Summary. The paper derives the photon hologram of a one-particle density matrix for a photon gas in coherent scattering, including above the electron-positron pair-creation threshold. Explicit expressions are obtained for a single Gaussian density matrix and for coherent and incoherent lattices of Gaussians; resonant-cone conditions are found and shown to differ between the coherent and incoherent cases. The dielectric susceptibility tensor is derived on the probe-photon mass shell for arbitrary states. The central results are that a photon gas (and a single photon) behaves as a linearly and circularly birefringent medium that is transparent below the pair threshold and absorbing above it; in the high-energy limit √s ≫ 2m the susceptibility reduces to that of a birefringent plasma up to a slow logarithmic factor. Experimental accessibility for GeV-scale probe photons, eV-scale target photons, and classical intensity parameter of order unity is asserted.

Significance. If the derivations hold, the work supplies concrete, state-dependent expressions that connect QED forward-scattering amplitudes to effective optical properties (birefringence, absorption, plasma-like response) for photon gases.
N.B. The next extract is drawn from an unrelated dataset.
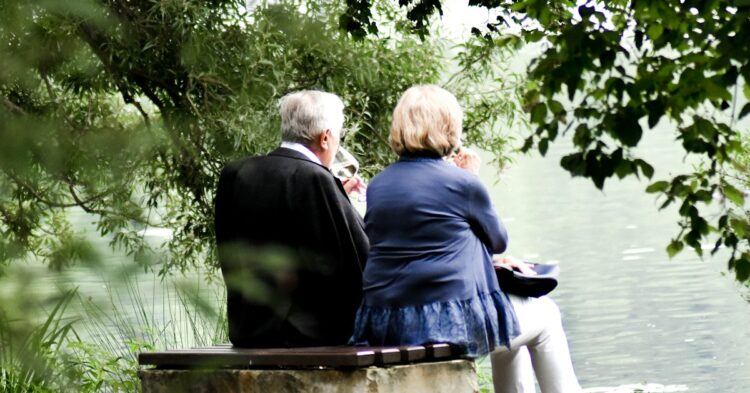 two people sitting on pavement facing on body of water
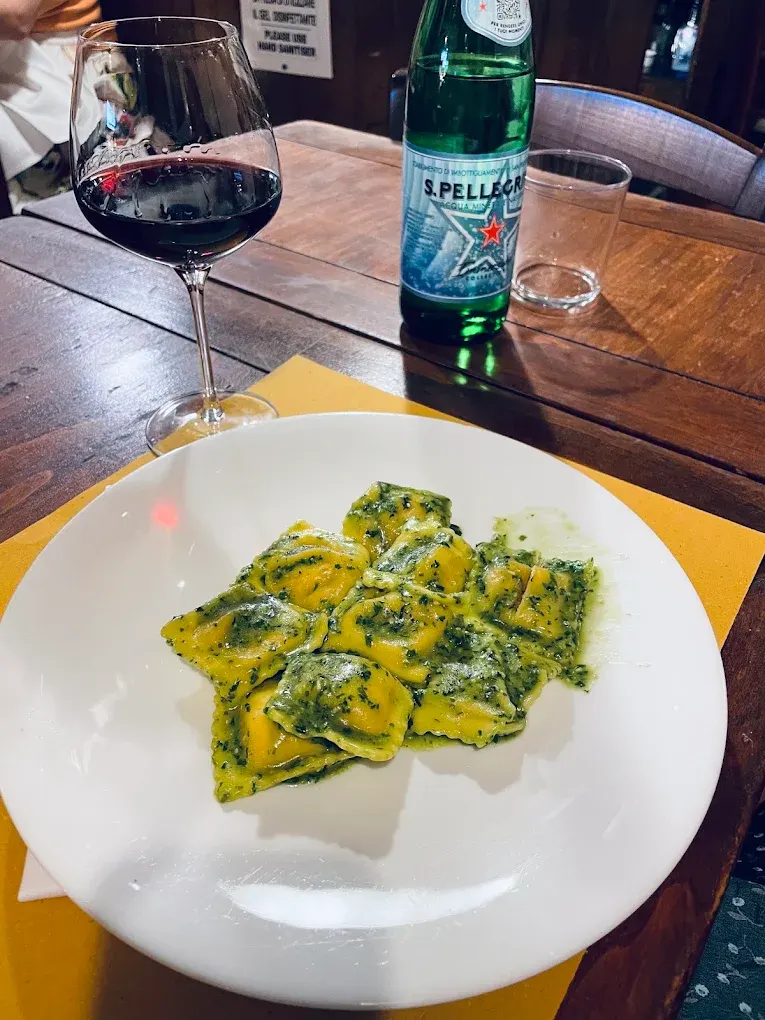 Ravioli verdi con bicchiere di vino rosso sulla tovaglietta gialla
The explicit treatment of Gaussian and lattice states, the differing resonant conditions, and the high-energy logarithmic correction are technically useful; the claim of measurability with existing facilities supplies a falsifiable prediction that could be tested.

minor comments (3)

[Abstract] The abstract states that the susceptibility 'has the dielectric susceptibility tensor of a birefringent plasma except for a slow logarithmic scaling,' but the precise form of the logarithmic term and its coefficient are not quoted; including the leading high-energy expression (presumably in §4 or §5) would make the claim immediately verifiable.
[§2] The one-particle density matrices are restricted to single Gaussians and coherent/incoherent lattices; the text should clarify whether the susceptibility formula (Eq. (X)) remains valid for a general density matrix or requires additional assumptions beyond those stated in §2.
Figure captions and axis labels should explicitly indicate the kinematic regime (e.g., √s/2m) and the value of the intensity parameter used for the plotted holograms.

Simulated Author's Rebuttal

0 responses · 0 unresolved

We thank the referee for the positive assessment of our manuscript, the accurate summary of its central results, and the recommendation for minor revision. No major comments were provided in the report.

Circularity Check

0 steps flagged

Derivation is self-contained from standard QED and density-matrix inputs

full rationale

The paper computes the photon hologram and dielectric susceptibility tensor directly from the forward-scattering amplitude in QED for a probe photon on its mass shell interacting with a photon gas whose one-particle density matrix is given in explicit forms (single Gaussian or coherent/incoherent Gaussian lattices). The birefringence, transparency below the pair-creation threshold, absorption above it, and the high-energy plasma-like limit with logarithmic correction all follow from the standard QED amplitude without any parameter fitting, redefinition of inputs as outputs, or load-bearing self-citations that would reduce the central claims to tautology. The explicit expressions for the chosen states are derived rather than presupposed, and the results remain falsifiable against external QED benchmarks or experiment.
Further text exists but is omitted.